(Data provided begins)

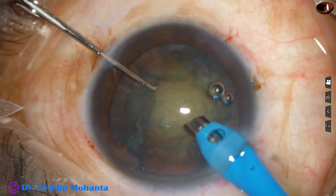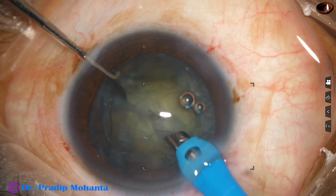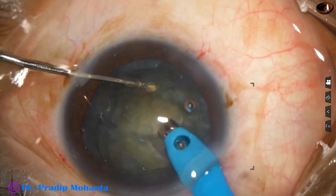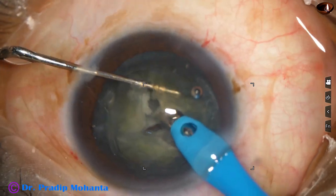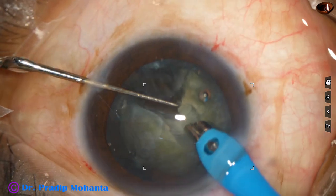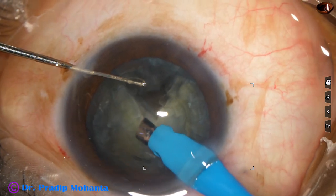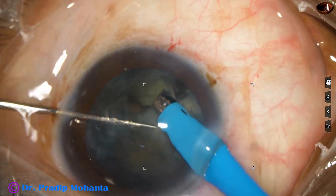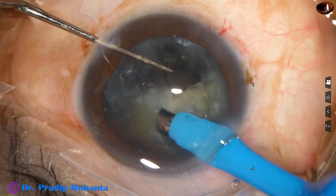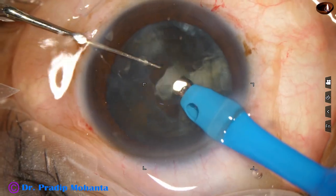I have introduced the phaco needle and I am trying direct chop. I have never used a chopper from 4 o'clock, but in this case I am using it because the dehiscence area is right at 2 o'clock. I did not have much problem using the chopper through the 4 o'clock stab wound.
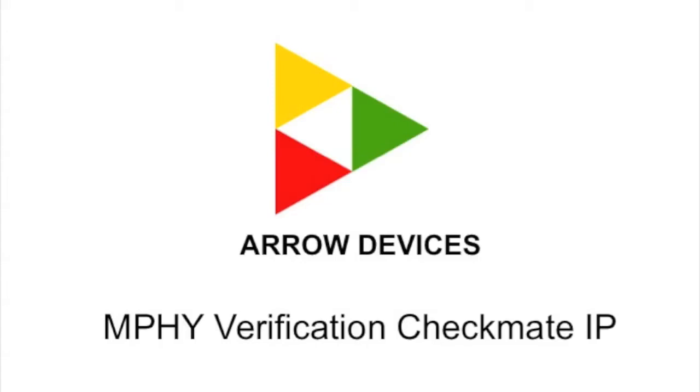With our M5 Checkmate verification solution, you can expedite your verification effort by minimizing development time. Stick around to find out how.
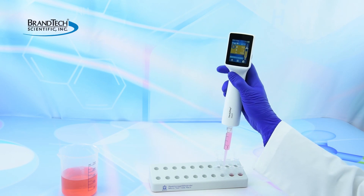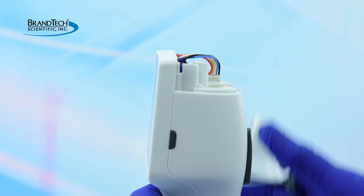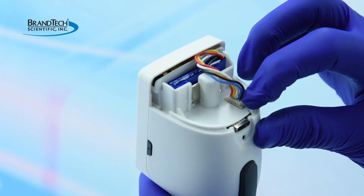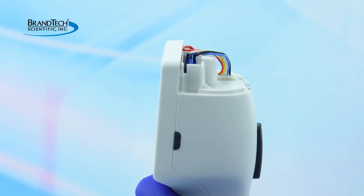The Handy Step Touch is shipped with the battery unplugged. To connect the battery, remove the battery cover and insert the battery plug into the socket, then replace the cover.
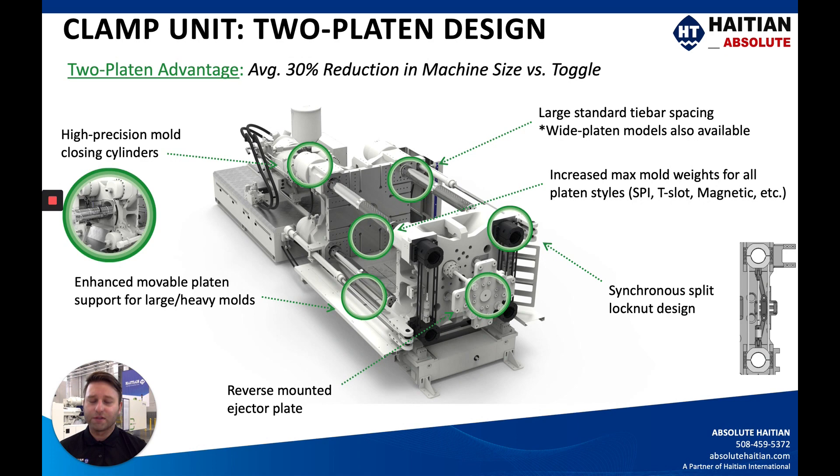The two-platen design is what really sets the Jupiter apart from the Mars. On average, you'll see about a 30 percent reduction in machine footprint compared to a toggle machine. It's powered by high-precision mold closing cylinders — sometimes called pancake cylinders — on the head of each tie bar on the stationary side of the platen. We offer very wide tie bar spacing and wide platen models in the U.S. and Canadian markets. We have also increased the maximum mold weight for all platen styles — standard SPI, T-slot, or magnet platens — and enhanced the footings and ways to accommodate heavy and large molds.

(Data provided ends)

**Task to carry out:** Reproduce the entire listing exactly, except for any pictures it contains.

**Result of the exercise:**
I have introduced the phaco needle and I am trying direct chop. I have never used a chopper from 4 o'clock, but in this case I am using it because the dehiscence area is right at 2 o'clock. I did not have much problem using the chopper through the 4 o'clock stab wound.
With our M5 Checkmate verification solution, you can expedite your verification effort by minimizing development time. Stick around to find out how.
The Handy Step Touch is shipped with the battery unplugged. To connect the battery, remove the battery cover and insert the battery plug into the socket, then replace the cover.
The two-platen design is what really sets the Jupiter apart from the Mars. On average, you'll see about a 30 percent reduction in machine footprint compared to a toggle machine. It's powered by high-precision mold closing cylinders — sometimes called pancake cylinders — on the head of each tie bar on the stationary side of the platen. We offer very wide tie bar spacing and wide platen models in the U.S. and Canadian markets. We have also increased the maximum mold weight for all platen styles — standard SPI, T-slot, or magnet platens — and enhanced the footings and ways to accommodate heavy and large molds.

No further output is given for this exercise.